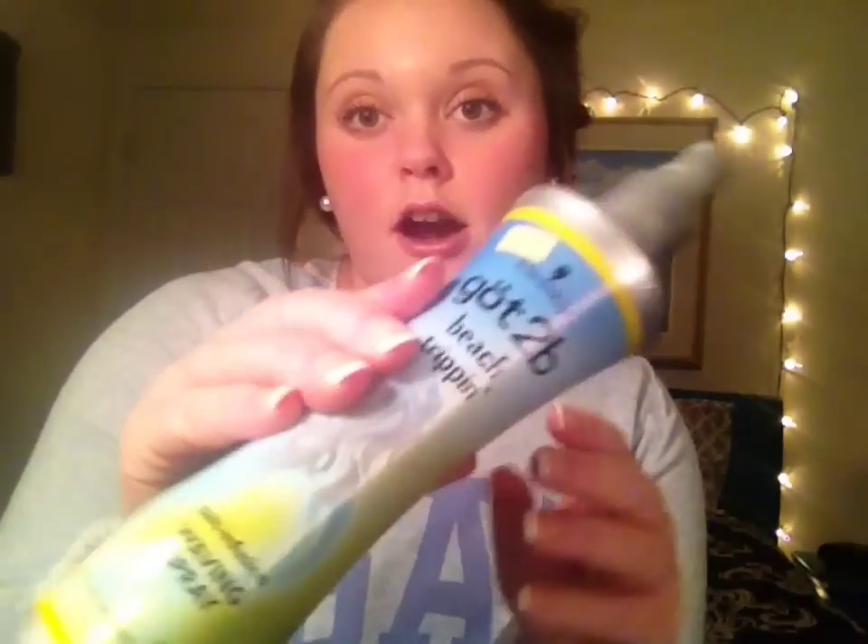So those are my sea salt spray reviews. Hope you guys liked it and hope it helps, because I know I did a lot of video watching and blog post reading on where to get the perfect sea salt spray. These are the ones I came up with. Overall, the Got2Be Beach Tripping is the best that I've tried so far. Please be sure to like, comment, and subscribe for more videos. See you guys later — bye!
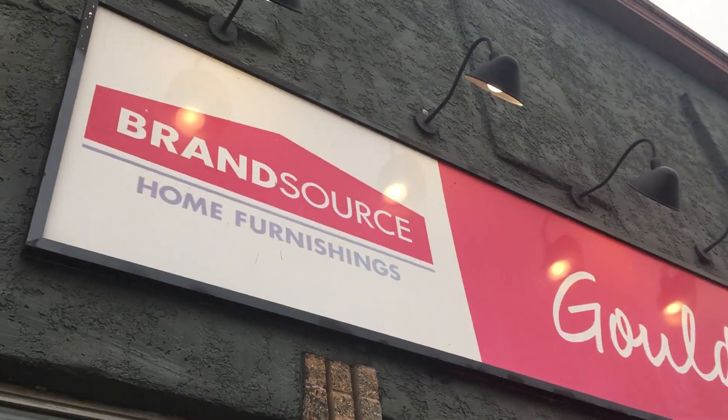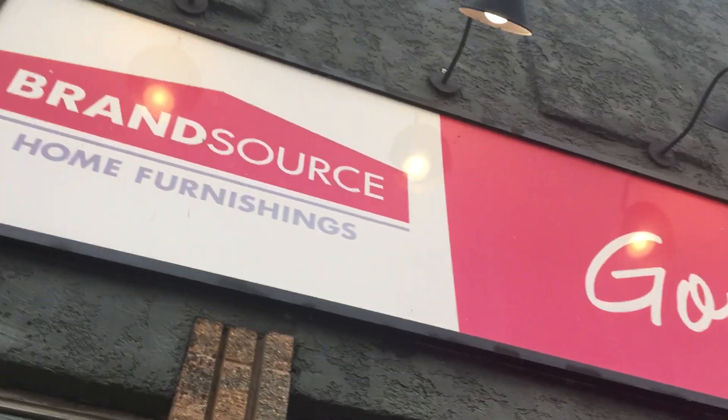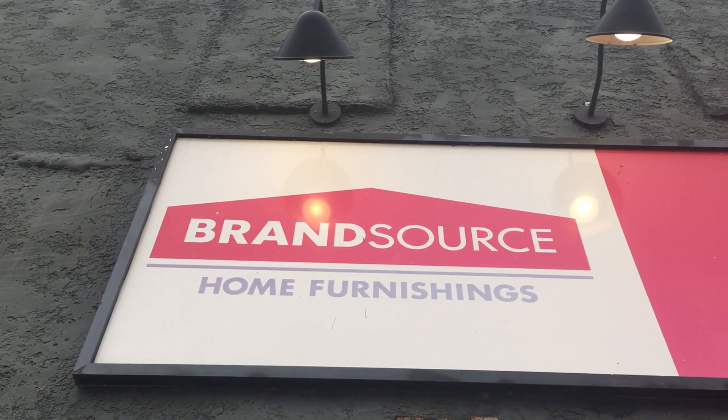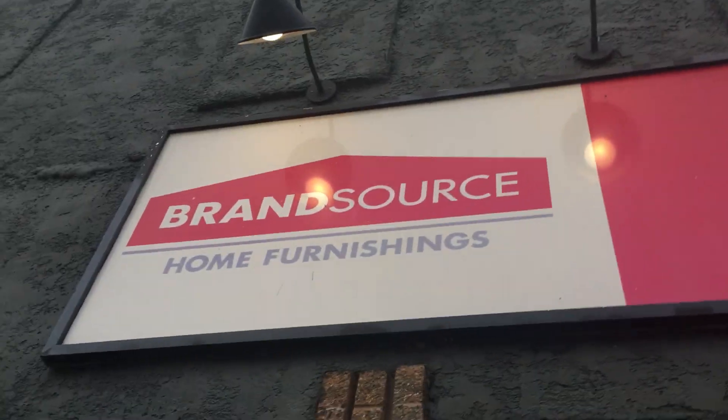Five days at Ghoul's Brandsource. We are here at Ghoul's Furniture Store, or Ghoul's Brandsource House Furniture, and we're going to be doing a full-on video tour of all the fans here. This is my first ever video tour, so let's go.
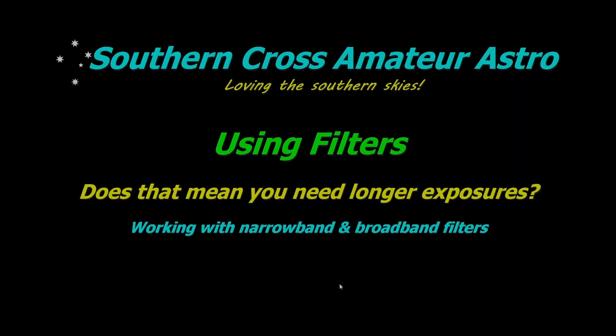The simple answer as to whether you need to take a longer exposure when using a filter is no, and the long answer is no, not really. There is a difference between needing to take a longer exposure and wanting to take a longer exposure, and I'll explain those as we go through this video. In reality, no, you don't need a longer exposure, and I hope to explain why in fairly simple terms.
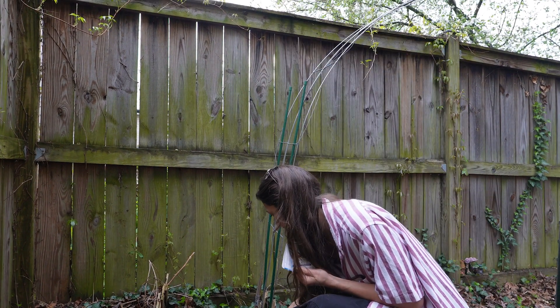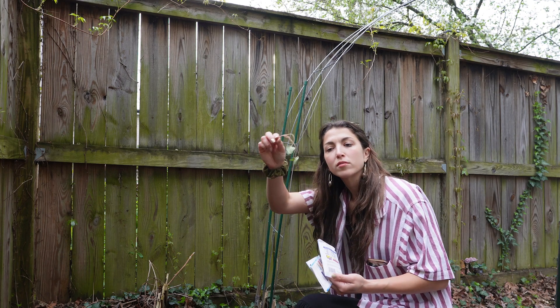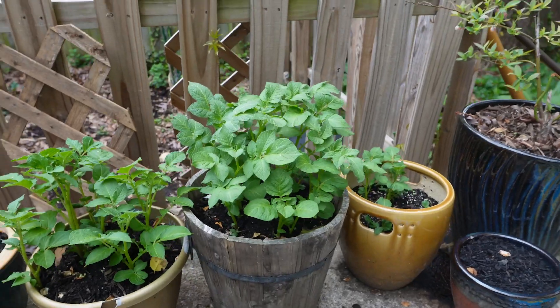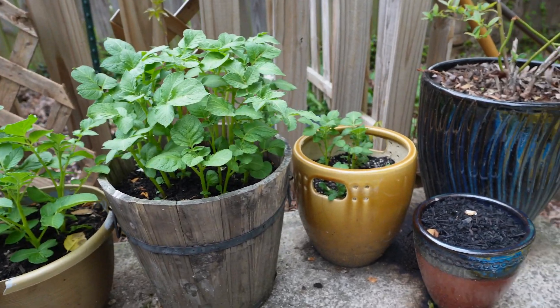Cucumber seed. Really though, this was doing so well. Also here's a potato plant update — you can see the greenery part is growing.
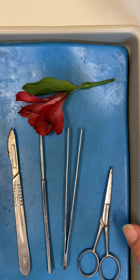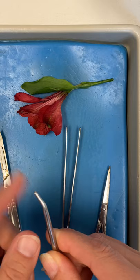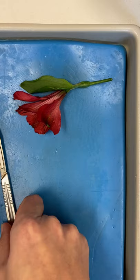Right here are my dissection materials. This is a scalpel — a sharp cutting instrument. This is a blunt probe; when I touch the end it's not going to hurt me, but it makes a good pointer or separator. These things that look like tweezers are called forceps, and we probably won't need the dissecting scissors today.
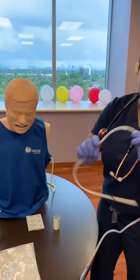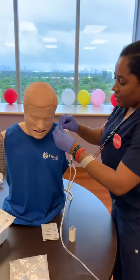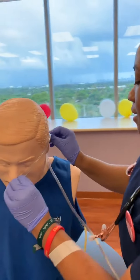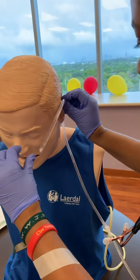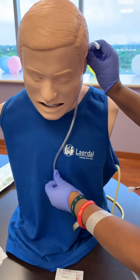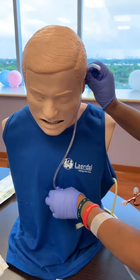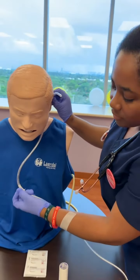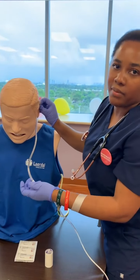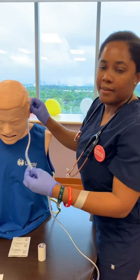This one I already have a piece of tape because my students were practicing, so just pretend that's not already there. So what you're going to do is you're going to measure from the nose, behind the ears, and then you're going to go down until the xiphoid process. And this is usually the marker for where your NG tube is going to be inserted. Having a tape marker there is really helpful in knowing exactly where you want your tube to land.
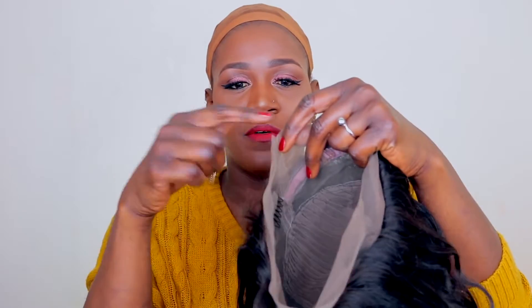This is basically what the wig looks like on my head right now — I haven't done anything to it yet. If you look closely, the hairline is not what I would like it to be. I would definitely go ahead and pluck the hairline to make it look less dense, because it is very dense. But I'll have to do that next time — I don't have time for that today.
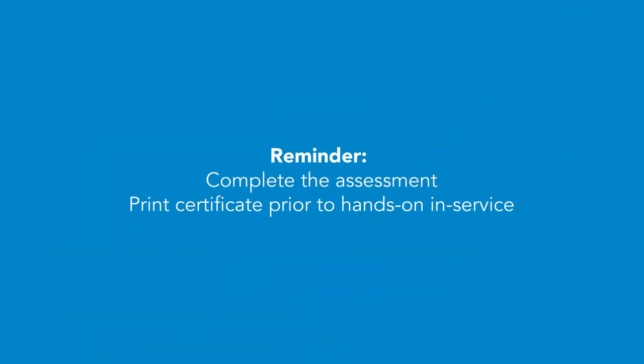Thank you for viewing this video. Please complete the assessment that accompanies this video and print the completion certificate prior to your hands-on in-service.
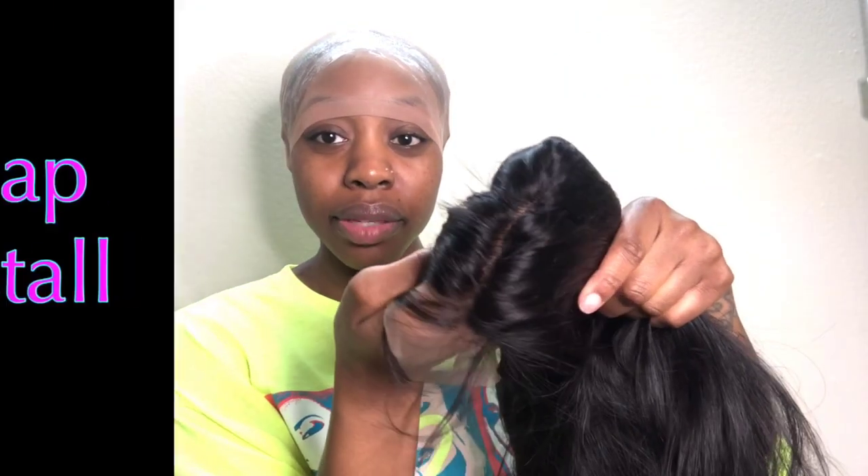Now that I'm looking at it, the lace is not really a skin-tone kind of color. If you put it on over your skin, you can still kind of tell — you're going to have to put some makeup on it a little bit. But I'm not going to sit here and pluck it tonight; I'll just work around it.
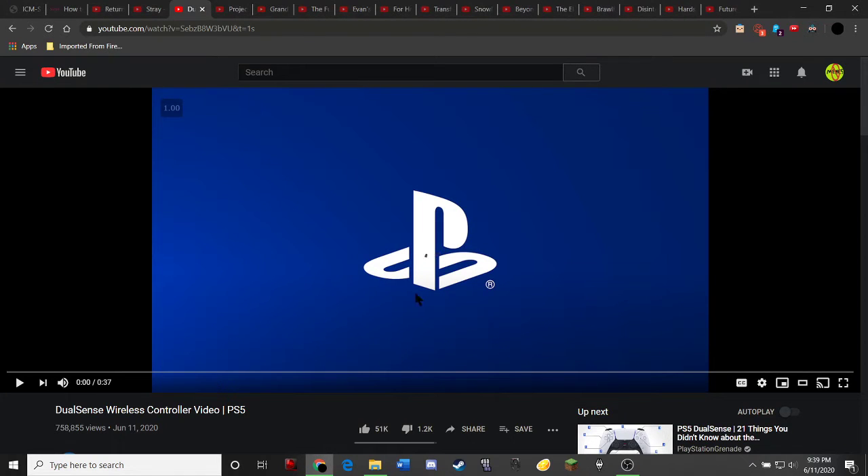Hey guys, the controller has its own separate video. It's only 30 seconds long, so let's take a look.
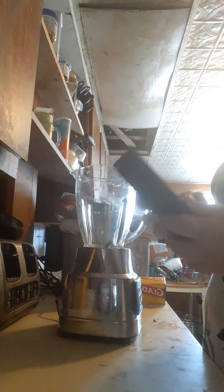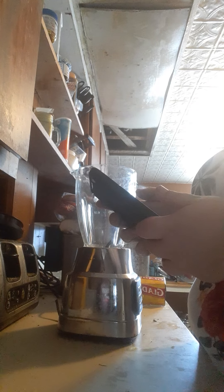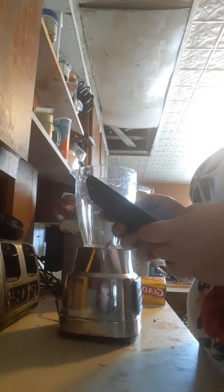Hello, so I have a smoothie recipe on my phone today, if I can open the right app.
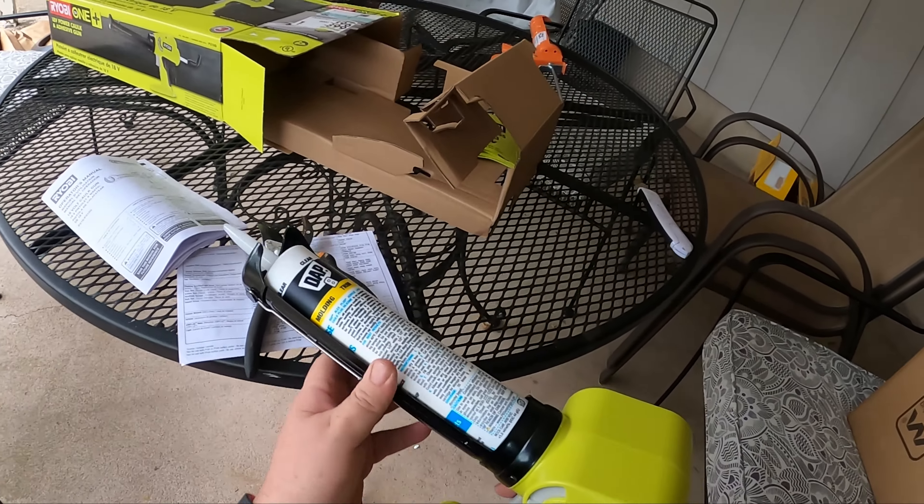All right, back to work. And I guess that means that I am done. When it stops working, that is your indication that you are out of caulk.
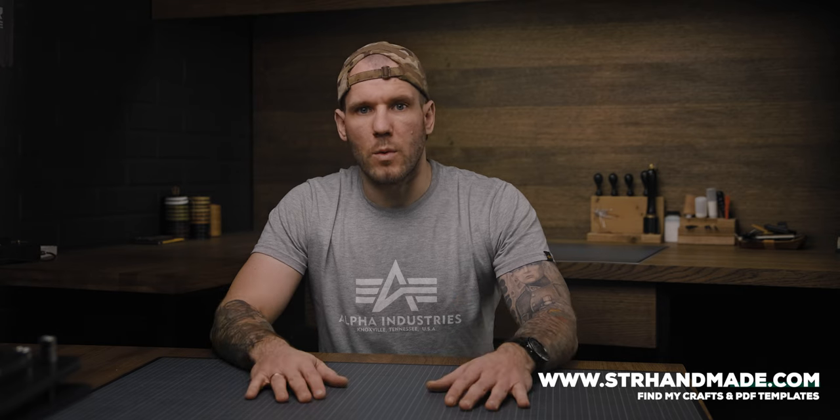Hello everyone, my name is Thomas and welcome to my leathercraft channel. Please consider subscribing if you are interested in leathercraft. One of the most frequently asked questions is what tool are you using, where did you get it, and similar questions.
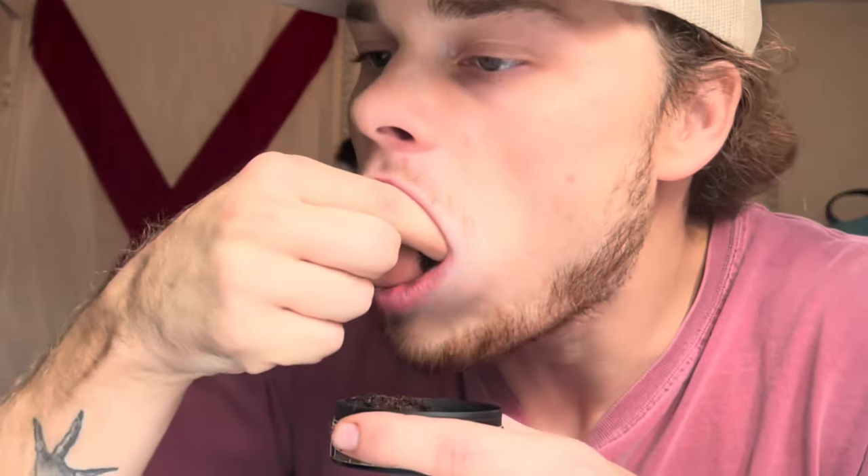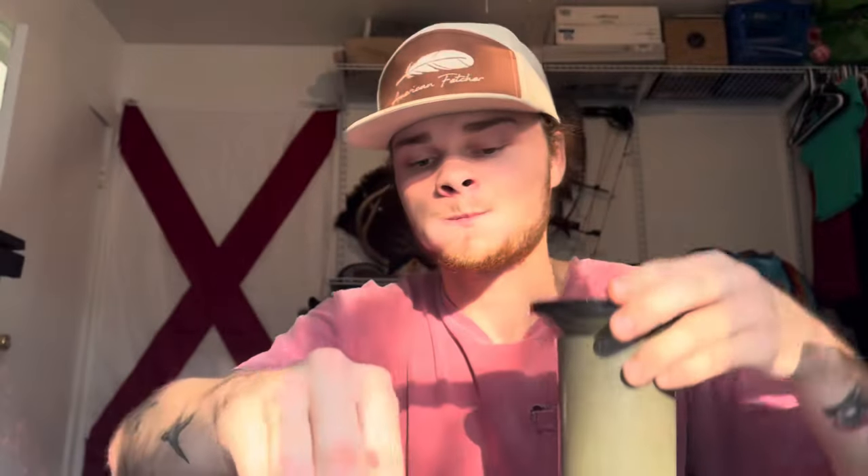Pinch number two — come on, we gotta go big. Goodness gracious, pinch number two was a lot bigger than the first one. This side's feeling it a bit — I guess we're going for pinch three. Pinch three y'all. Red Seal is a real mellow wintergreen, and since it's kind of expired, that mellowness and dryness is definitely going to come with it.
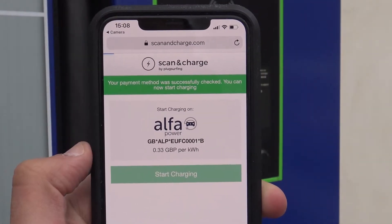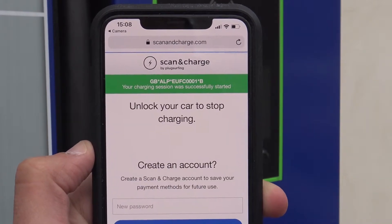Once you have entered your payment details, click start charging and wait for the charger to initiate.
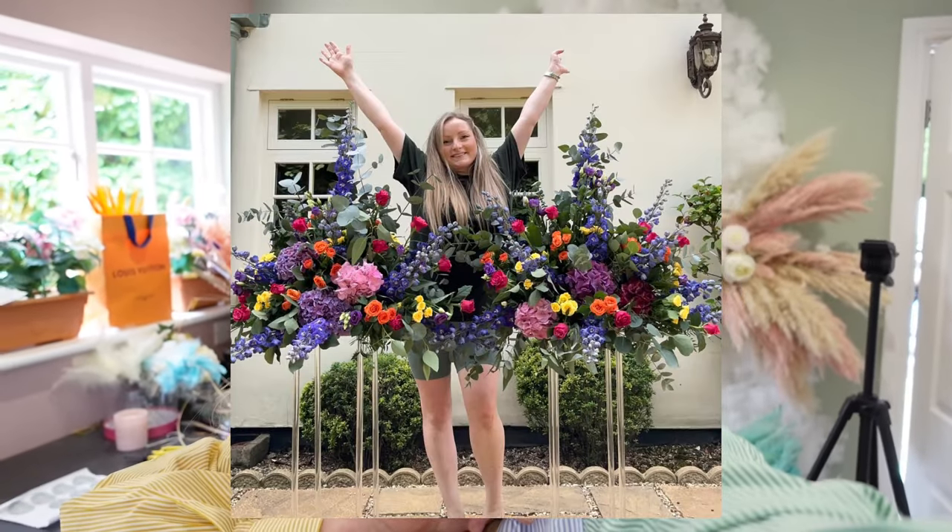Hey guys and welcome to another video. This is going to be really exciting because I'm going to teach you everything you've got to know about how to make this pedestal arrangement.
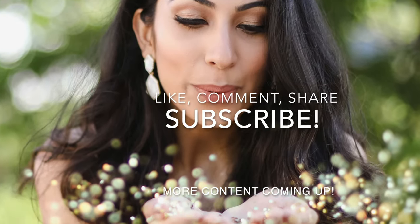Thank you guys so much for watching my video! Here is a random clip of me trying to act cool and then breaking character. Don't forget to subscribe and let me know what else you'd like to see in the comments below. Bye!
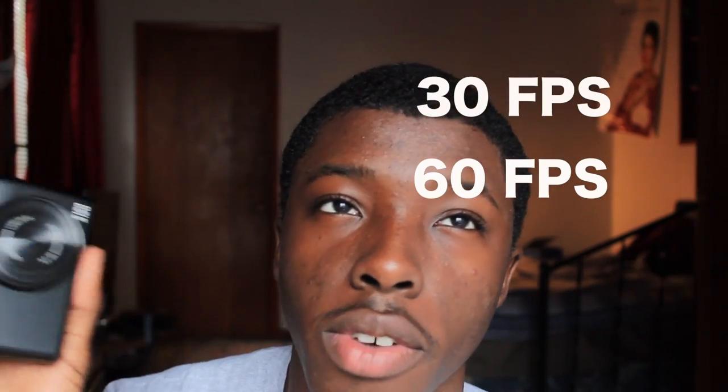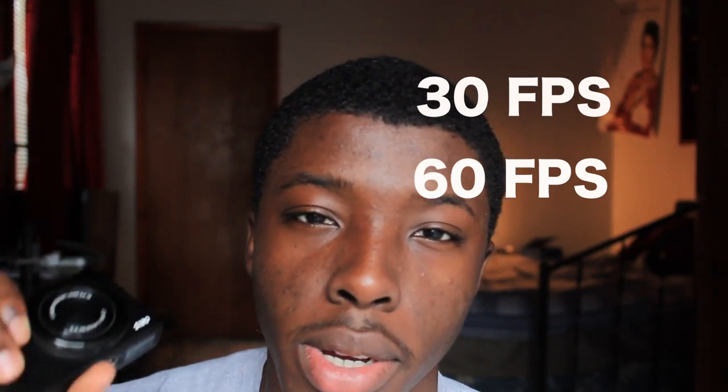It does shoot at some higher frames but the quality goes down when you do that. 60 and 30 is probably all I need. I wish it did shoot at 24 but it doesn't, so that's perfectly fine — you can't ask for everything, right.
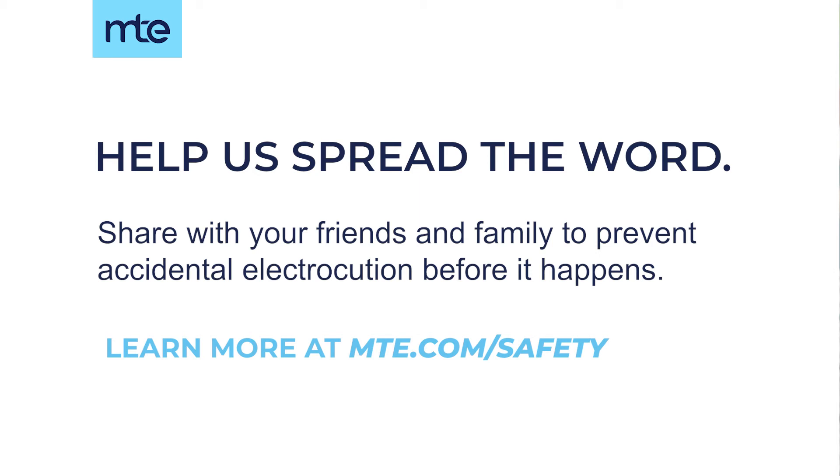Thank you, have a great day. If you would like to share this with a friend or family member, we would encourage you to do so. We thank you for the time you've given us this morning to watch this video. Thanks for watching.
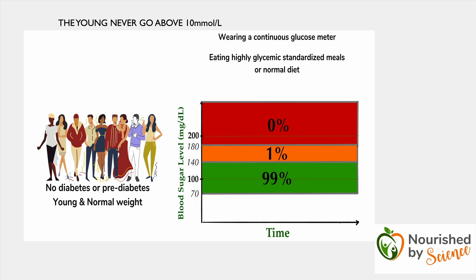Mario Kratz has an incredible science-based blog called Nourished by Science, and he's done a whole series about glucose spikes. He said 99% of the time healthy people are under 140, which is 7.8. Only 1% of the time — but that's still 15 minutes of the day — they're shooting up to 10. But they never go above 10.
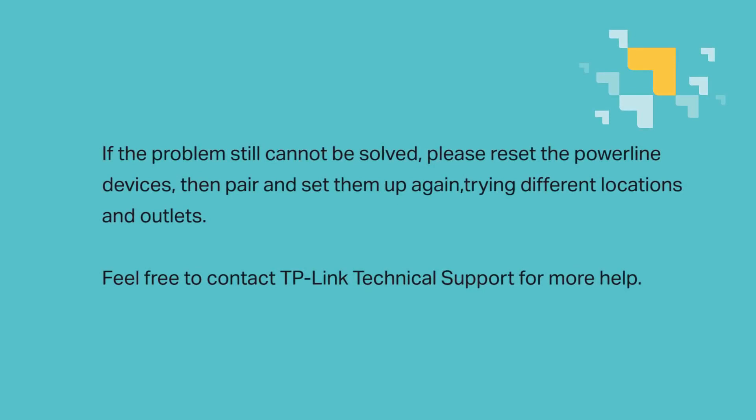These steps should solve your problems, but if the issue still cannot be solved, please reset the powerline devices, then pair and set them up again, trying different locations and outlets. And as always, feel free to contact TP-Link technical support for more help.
^^^^^^^^^^^^^^^^
Work instructions => When you reach the line that contains "It does shoot", start reproducing, and continue word for word to the end of the records; skip all pictures.

Response for this exercise =>
It does shoot at some higher frames but the quality goes down when you do that. 60 and 30 is probably all I need. I wish it did shoot at 24 but it doesn't, so that's perfectly fine — you can't ask for everything, right.
Thank you, have a great day. If you would like to share this with a friend or family member, we would encourage you to do so. We thank you for the time you've given us this morning to watch this video. Thanks for watching.
Mario Kratz has an incredible science-based blog called Nourished by Science, and he's done a whole series about glucose spikes. He said 99% of the time healthy people are under 140, which is 7.8. Only 1% of the time — but that's still 15 minutes of the day — they're shooting up to 10. But they never go above 10.
These steps should solve your problems, but if the issue still cannot be solved, please reset the powerline devices, then pair and set them up again, trying different locations and outlets. And as always, feel free to contact TP-Link technical support for more help.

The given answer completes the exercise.